The initial news accounts sounded so similar to past years that they were almost repetitive: A wildfire had broken out in a national park and was burning in heavy brush and forest thick with dead and downed trees.
California has experienced more than its share of such blazes in the last few years, usually with horrible results. Trees weakened by drought finally succumbed to voracious bark beetles whose appetites killed pine trees, which went from healthy green to sickly red and stood like silent zombies. Add to that a century of firefighting, in which the main purpose was to put out blazes as soon as possible, and the result was millions of acres covered in undergrowth that, when dried out from drought, became perfect fire-starter material.
Only this time the national park in question is none other than Yosemite. A fire broke out last Thursday along the Washburn Trail near the Mariposa Grove, the famous stand of 500 sequoias inside Yosemite.
The cause, as of Monday, remained under investigation. The Washburn Fire had burned more than 2,000 acres and more than 500 firefighters had yet to contain any part of it. Heavy smoke polluted Yosemite Valley, obscuring granite landmarks like El Capitan and Half Dome in a pall of gray.
Yet there was some positive news.
There were no reports that any of the oldest and biggest sequoias in the Mariposa Grove sustained serious damage. “We have decades of prescribed fire in here and I think that’s what’s going to save these big trees,” Garrett Dickman, forest ecologist with Yosemite National Park, told The Bee’s Eric Paul Zamora.
Burning with purpose
Prescribed fire is used by forest managers to burn away low-level brush from bigger trees. The effort, done when winds are light and temperatures are moderate, clears out the forest and improves tree health, as there are fewer plants competing for water and nutrients.

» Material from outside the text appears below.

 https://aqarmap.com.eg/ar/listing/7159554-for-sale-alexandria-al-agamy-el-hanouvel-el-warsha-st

Healthier trees, in turn, can better withstand insects and even fires.
In 2018 the Mariposa Grove reopened after a major restoration project. During that multiyear closure, the park did extensive prescribed burning around the sequoias.
Low-intensity fire is a natural element that sequoias need. Native Americans became experts at using such fires to make forests healthier.

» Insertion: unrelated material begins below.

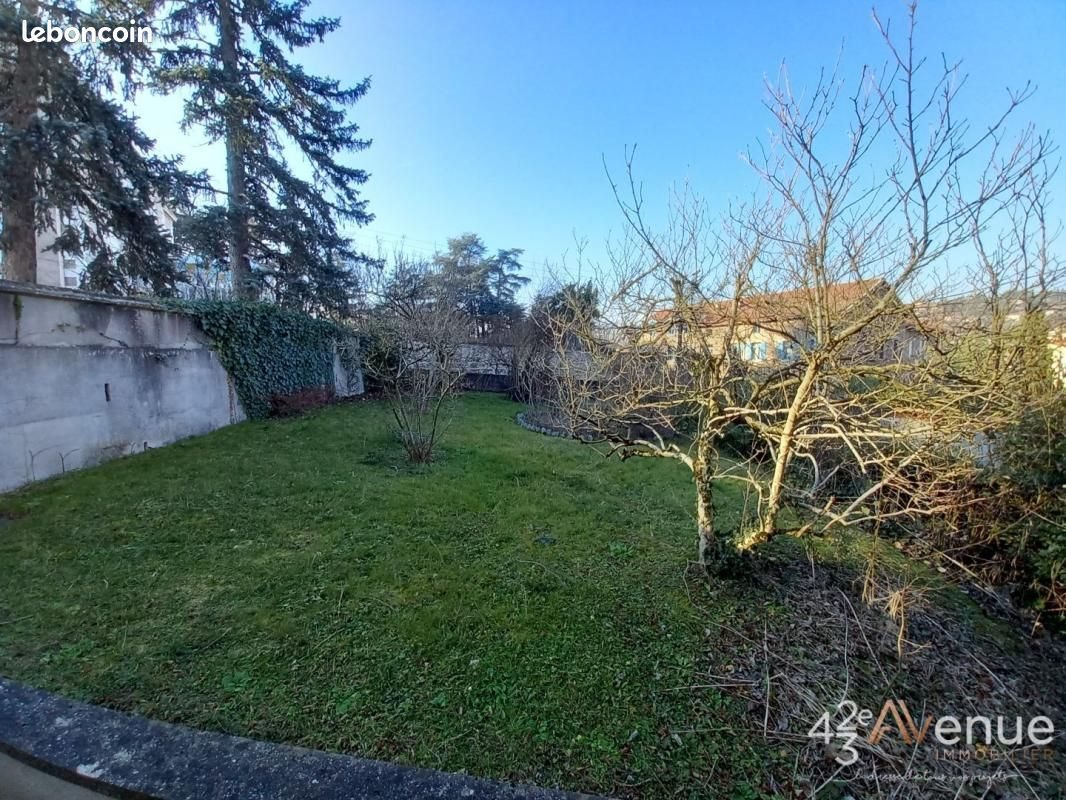 Maison à vendre, 81m², Rive-de-Gier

After sequoia cones fall to the ground, a fire’s heat opens them up so the seeds can drop into the soil and sprout after it rains or snow melts.
Some environmental groups, like the John Muir Project, believe the benefits of prescribed burns are overstated and do more harm that good. Opposing that view are a group of University of California scientists who earlier this year advocated for dramatic thinning of forests in the Sierra as a way to reduce fire dangers.
Yosemite officials started such a thinning effort this year on a swath of 2,000 acres, but were stopped when some environmental groups filed a lawsuit over what they contended was an improper logging operation.
The National Park Service agreed to stop its cutting for now. The matter will be heard in federal court next month.
Sequoias endure
Sequoias can live for thousands of years, and they are among the largest living things on Earth. Standing in a grove of them is quite literally like entering a cathedral from eons past.
With the prescribed burning that has been done in the Mariposa Grove, chances are good that the big trees there will endure the Washburn Fire.
At the very least, this Yosemite incident is a test for the benefits of prescribed burns, waged in real time in one of America’s hallowed places. The likely lesson — that prescribed burning works — should be applied throughout the drought-weary Sierra.